Dossier : IMM-5057-15

Référence : 2016 CF 665

[TRADUCTION FRANÇAISE]

Ottawa (Ontario), le 14 juin 2016

En présence de monsieur le juge Roy

ENTRE :

YINGHAO LEI

YANYUN ZHEN

ZHIBIAO LEI (MINEUR)

AMY LEI ZHEN (MINEURE)

(AUSSI CONNUE SOUS LE NOM DE AMY ZHEN LEI)

demandeurs

et

LE MINISTRE DE LA CITOYENNETÉ ET DE L’IMMIGRATION

défendeur

JUGEMENT ET MOTIFS

[1]               Les demandeurs contestent la décision de la Section d’appel des réfugiés (SAR) de la Commission de l’immigration et du statut de réfugié, datée du 14 octobre 2015. La SAR a confirmé la décision de la Section de la protection des réfugiés (SPR), laquelle a rejeté la demande d’asile présentée en vertu des articles 96 et 97 de la Loi sur l’immigration et la protection des réfugiés, L.C. 2001, ch. 27 (LIPR).
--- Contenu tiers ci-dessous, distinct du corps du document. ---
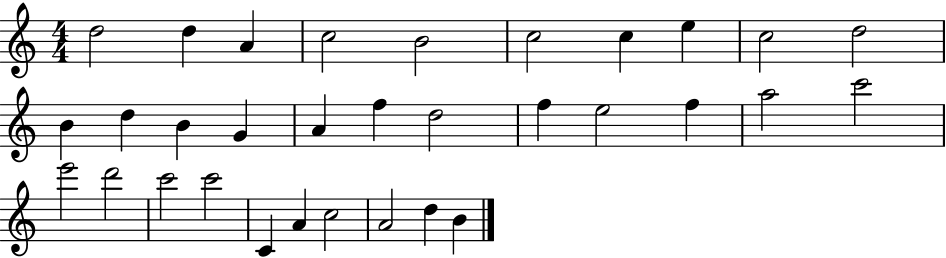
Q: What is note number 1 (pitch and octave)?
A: D5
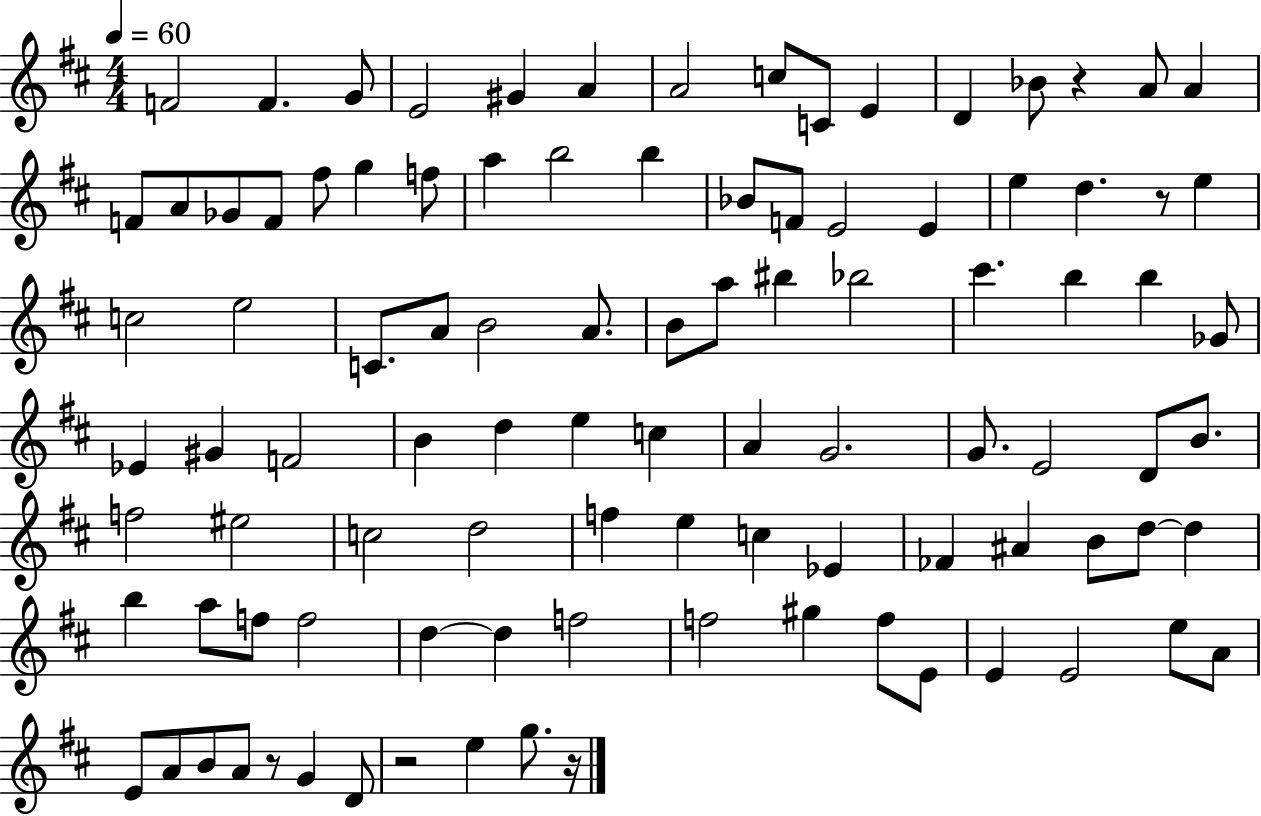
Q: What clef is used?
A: treble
[2]               En l’espèce, les demandeurs sont les membres de la famille de Yinghao Lei, formée de sa femme, de son fils et de sa fille.

I.                   Faits

[3]               Le demandeur principal et sa femme sont des citoyens chinois, possédant le statut de résident permanent au Honduras. Leur fils est né en Chine en 2002 et il est un citoyen chinois. Quant à leur fille, née en 2011, elle est une citoyenne du Honduras. Le demandeur principal est au Honduras depuis 2005; il est devenu résident permanent de ce pays en 2006. Deux ans plus tard, en 2008, il a ouvert un restaurant dans la ville de Tegucigalpa, et il a parrainé sa femme et son fils en 2009.

[4]               En septembre 2010, le restaurant tenu par le demandeur principal aurait été dévalisé par trois assaillants armés. Le demandeur principal n’a pas communiqué avec la police parce qu’il croyait que ce serait inutile et qu’il craignait des représailles.

[5]               En effet, les allégations qui sont à l’origine de l’instance au Canada commencent en avril 2014. Le demandeur principal aurait fait l’objet d’extorsion par un membre d’un groupe appelé « gang 18th Street ». La demande initiale de 100 000 lempiras a d’abord été réglée au moyen d’un paiement de 500 lempiras, ou 0,5 % de la demande initiale. Cependant, il semble que les demandes se sont répétées et, en mai 2014, le demandeur principal se serait présenté au poste de police afin de déposer une plainte sommaire. Lorsqu’il est retourné au poste de police une semaine plus tard pour tenter de savoir si l’enquête avait avancé, il semble qu’aucun agent de police n’aurait accepté de lui parler. D’autres appels auraient forcé les demandeurs à payer des sommes d’argent supplémentaires au gang 18th Street.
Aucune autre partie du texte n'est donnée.